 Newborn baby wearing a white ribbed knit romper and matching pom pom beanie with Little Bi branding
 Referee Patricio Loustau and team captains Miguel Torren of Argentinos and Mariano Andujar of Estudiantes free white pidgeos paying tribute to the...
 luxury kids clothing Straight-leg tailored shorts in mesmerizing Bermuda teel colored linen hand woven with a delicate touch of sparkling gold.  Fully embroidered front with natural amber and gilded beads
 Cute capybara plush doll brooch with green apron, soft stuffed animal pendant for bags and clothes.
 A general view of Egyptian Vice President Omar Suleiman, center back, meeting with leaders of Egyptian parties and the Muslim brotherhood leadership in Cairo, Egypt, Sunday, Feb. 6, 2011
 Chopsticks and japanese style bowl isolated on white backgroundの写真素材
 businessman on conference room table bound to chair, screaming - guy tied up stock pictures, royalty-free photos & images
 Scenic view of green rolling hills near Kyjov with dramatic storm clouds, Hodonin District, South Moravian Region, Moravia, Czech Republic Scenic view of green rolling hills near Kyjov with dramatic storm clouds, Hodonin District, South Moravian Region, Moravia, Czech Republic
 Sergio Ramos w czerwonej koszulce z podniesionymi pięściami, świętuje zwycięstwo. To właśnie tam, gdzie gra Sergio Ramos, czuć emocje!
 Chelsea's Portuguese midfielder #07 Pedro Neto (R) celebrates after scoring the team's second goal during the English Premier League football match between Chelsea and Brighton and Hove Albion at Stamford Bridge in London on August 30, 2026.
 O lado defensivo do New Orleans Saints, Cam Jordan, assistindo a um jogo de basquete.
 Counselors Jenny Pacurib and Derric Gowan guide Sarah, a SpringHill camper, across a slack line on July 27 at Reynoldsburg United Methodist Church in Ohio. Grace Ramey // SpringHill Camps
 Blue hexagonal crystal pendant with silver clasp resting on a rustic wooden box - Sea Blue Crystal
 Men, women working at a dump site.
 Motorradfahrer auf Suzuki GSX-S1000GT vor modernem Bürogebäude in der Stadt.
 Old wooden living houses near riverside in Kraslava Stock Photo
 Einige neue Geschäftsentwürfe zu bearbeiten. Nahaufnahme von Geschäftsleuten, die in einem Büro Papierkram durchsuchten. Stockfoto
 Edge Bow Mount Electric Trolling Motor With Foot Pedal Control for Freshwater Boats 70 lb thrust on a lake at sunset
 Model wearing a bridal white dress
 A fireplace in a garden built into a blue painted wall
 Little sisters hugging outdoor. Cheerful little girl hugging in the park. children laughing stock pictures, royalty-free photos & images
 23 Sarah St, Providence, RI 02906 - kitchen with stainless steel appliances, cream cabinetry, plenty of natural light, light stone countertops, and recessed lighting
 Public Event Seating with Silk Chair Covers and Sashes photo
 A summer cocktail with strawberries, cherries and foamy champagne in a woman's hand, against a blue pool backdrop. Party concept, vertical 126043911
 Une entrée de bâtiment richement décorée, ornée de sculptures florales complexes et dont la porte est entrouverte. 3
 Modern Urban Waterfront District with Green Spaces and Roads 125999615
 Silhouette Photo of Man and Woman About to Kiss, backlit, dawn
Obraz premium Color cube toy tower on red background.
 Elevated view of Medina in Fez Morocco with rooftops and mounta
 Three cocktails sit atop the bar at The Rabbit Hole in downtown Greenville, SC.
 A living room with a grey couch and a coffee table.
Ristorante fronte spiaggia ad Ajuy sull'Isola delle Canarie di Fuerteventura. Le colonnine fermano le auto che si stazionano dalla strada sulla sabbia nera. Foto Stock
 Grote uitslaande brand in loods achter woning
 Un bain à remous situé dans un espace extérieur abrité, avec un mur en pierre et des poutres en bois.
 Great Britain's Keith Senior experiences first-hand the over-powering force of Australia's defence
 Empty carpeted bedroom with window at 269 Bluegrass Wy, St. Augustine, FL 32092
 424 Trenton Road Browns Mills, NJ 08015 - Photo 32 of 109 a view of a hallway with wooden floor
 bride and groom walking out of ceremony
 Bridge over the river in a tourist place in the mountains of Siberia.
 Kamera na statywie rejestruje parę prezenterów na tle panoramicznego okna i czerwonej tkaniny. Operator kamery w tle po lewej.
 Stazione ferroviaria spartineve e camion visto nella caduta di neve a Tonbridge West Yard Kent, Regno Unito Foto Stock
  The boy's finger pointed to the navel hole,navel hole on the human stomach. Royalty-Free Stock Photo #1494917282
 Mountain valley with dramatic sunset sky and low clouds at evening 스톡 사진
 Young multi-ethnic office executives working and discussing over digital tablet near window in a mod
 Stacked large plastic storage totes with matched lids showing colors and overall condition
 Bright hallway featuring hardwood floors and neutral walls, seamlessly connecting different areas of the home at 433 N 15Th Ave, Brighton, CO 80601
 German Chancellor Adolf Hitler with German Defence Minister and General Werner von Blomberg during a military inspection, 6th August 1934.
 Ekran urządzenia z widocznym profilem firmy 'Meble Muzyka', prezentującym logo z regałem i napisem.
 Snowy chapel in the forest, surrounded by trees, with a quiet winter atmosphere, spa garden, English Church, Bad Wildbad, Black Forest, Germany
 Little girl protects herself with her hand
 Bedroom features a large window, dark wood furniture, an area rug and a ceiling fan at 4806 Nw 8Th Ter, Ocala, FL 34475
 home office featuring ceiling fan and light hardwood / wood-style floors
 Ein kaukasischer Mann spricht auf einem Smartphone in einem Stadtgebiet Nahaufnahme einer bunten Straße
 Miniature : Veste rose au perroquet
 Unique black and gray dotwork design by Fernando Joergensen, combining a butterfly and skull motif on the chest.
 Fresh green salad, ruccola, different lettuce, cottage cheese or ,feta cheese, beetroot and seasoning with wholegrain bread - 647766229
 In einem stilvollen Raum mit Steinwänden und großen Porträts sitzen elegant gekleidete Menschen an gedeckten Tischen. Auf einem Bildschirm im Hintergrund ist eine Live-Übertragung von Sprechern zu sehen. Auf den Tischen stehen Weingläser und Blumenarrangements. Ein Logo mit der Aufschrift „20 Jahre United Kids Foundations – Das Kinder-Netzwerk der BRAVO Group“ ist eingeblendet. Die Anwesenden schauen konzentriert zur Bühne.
□ □ □ □
**Directions for this task:**
Give back each record exactly, from the first line through the last.

**Answer to the problem:**
 Newborn baby wearing a white ribbed knit romper and matching pom pom beanie with Little Bi branding
 Referee Patricio Loustau and team captains Miguel Torren of Argentinos and Mariano Andujar of Estudiantes free white pidgeos paying tribute to the...
 luxury kids clothing Straight-leg tailored shorts in mesmerizing Bermuda teel colored linen hand woven with a delicate touch of sparkling gold.  Fully embroidered front with natural amber and gilded beads
 Cute capybara plush doll brooch with green apron, soft stuffed animal pendant for bags and clothes.
 A general view of Egyptian Vice President Omar Suleiman, center back, meeting with leaders of Egyptian parties and the Muslim brotherhood leadership in Cairo, Egypt, Sunday, Feb. 6, 2011
 Chopsticks and japanese style bowl isolated on white backgroundの写真素材
 businessman on conference room table bound to chair, screaming - guy tied up stock pictures, royalty-free photos & images
 Scenic view of green rolling hills near Kyjov with dramatic storm clouds, Hodonin District, South Moravian Region, Moravia, Czech Republic Scenic view of green rolling hills near Kyjov with dramatic storm clouds, Hodonin District, South Moravian Region, Moravia, Czech Republic
 Sergio Ramos w czerwonej koszulce z podniesionymi pięściami, świętuje zwycięstwo. To właśnie tam, gdzie gra Sergio Ramos, czuć emocje!
 Chelsea's Portuguese midfielder #07 Pedro Neto (R) celebrates after scoring the team's second goal during the English Premier League football match between Chelsea and Brighton and Hove Albion at Stamford Bridge in London on August 30, 2026.
 O lado defensivo do New Orleans Saints, Cam Jordan, assistindo a um jogo de basquete.
 Counselors Jenny Pacurib and Derric Gowan guide Sarah, a SpringHill camper, across a slack line on July 27 at Reynoldsburg United Methodist Church in Ohio. Grace Ramey // SpringHill Camps
 Blue hexagonal crystal pendant with silver clasp resting on a rustic wooden box - Sea Blue Crystal
 Men, women working at a dump site.
 Motorradfahrer auf Suzuki GSX-S1000GT vor modernem Bürogebäude in der Stadt.
 Old wooden living houses near riverside in Kraslava Stock Photo
 Einige neue Geschäftsentwürfe zu bearbeiten. Nahaufnahme von Geschäftsleuten, die in einem Büro Papierkram durchsuchten. Stockfoto
 Edge Bow Mount Electric Trolling Motor With Foot Pedal Control for Freshwater Boats 70 lb thrust on a lake at sunset
 Model wearing a bridal white dress
 A fireplace in a garden built into a blue painted wall
 Little sisters hugging outdoor. Cheerful little girl hugging in the park. children laughing stock pictures, royalty-free photos & images
 23 Sarah St, Providence, RI 02906 - kitchen with stainless steel appliances, cream cabinetry, plenty of natural light, light stone countertops, and recessed lighting
 Public Event Seating with Silk Chair Covers and Sashes photo
 A summer cocktail with strawberries, cherries and foamy champagne in a woman's hand, against a blue pool backdrop. Party concept, vertical 126043911
 Une entrée de bâtiment richement décorée, ornée de sculptures florales complexes et dont la porte est entrouverte. 3
 Modern Urban Waterfront District with Green Spaces and Roads 125999615
 Silhouette Photo of Man and Woman About to Kiss, backlit, dawn
Obraz premium Color cube toy tower on red background.
 Elevated view of Medina in Fez Morocco with rooftops and mounta
 Three cocktails sit atop the bar at The Rabbit Hole in downtown Greenville, SC.
 A living room with a grey couch and a coffee table.
Ristorante fronte spiaggia ad Ajuy sull'Isola delle Canarie di Fuerteventura. Le colonnine fermano le auto che si stazionano dalla strada sulla sabbia nera. Foto Stock
 Grote uitslaande brand in loods achter woning
 Un bain à remous situé dans un espace extérieur abrité, avec un mur en pierre et des poutres en bois.
 Great Britain's Keith Senior experiences first-hand the over-powering force of Australia's defence
 Empty carpeted bedroom with window at 269 Bluegrass Wy, St. Augustine, FL 32092
 424 Trenton Road Browns Mills, NJ 08015 - Photo 32 of 109 a view of a hallway with wooden floor
 bride and groom walking out of ceremony
 Bridge over the river in a tourist place in the mountains of Siberia.
 Kamera na statywie rejestruje parę prezenterów na tle panoramicznego okna i czerwonej tkaniny. Operator kamery w tle po lewej.
 Stazione ferroviaria spartineve e camion visto nella caduta di neve a Tonbridge West Yard Kent, Regno Unito Foto Stock
  The boy's finger pointed to the navel hole,navel hole on the human stomach. Royalty-Free Stock Photo #1494917282
 Mountain valley with dramatic sunset sky and low clouds at evening 스톡 사진
 Young multi-ethnic office executives working and discussing over digital tablet near window in a mod
 Stacked large plastic storage totes with matched lids showing colors and overall condition
 Bright hallway featuring hardwood floors and neutral walls, seamlessly connecting different areas of the home at 433 N 15Th Ave, Brighton, CO 80601
 German Chancellor Adolf Hitler with German Defence Minister and General Werner von Blomberg during a military inspection, 6th August 1934.
 Ekran urządzenia z widocznym profilem firmy 'Meble Muzyka', prezentującym logo z regałem i napisem.
 Snowy chapel in the forest, surrounded by trees, with a quiet winter atmosphere, spa garden, English Church, Bad Wildbad, Black Forest, Germany
 Little girl protects herself with her hand
 Bedroom features a large window, dark wood furniture, an area rug and a ceiling fan at 4806 Nw 8Th Ter, Ocala, FL 34475
 home office featuring ceiling fan and light hardwood / wood-style floors
 Ein kaukasischer Mann spricht auf einem Smartphone in einem Stadtgebiet Nahaufnahme einer bunten Straße
 Miniature : Veste rose au perroquet
 Unique black and gray dotwork design by Fernando Joergensen, combining a butterfly and skull motif on the chest.
 Fresh green salad, ruccola, different lettuce, cottage cheese or ,feta cheese, beetroot and seasoning with wholegrain bread - 647766229
 In einem stilvollen Raum mit Steinwänden und großen Porträts sitzen elegant gekleidete Menschen an gedeckten Tischen. Auf einem Bildschirm im Hintergrund ist eine Live-Übertragung von Sprechern zu sehen. Auf den Tischen stehen Weingläser und Blumenarrangements. Ein Logo mit der Aufschrift „20 Jahre United Kids Foundations – Das Kinder-Netzwerk der BRAVO Group“ ist eingeblendet. Die Anwesenden schauen konzentriert zur Bühne.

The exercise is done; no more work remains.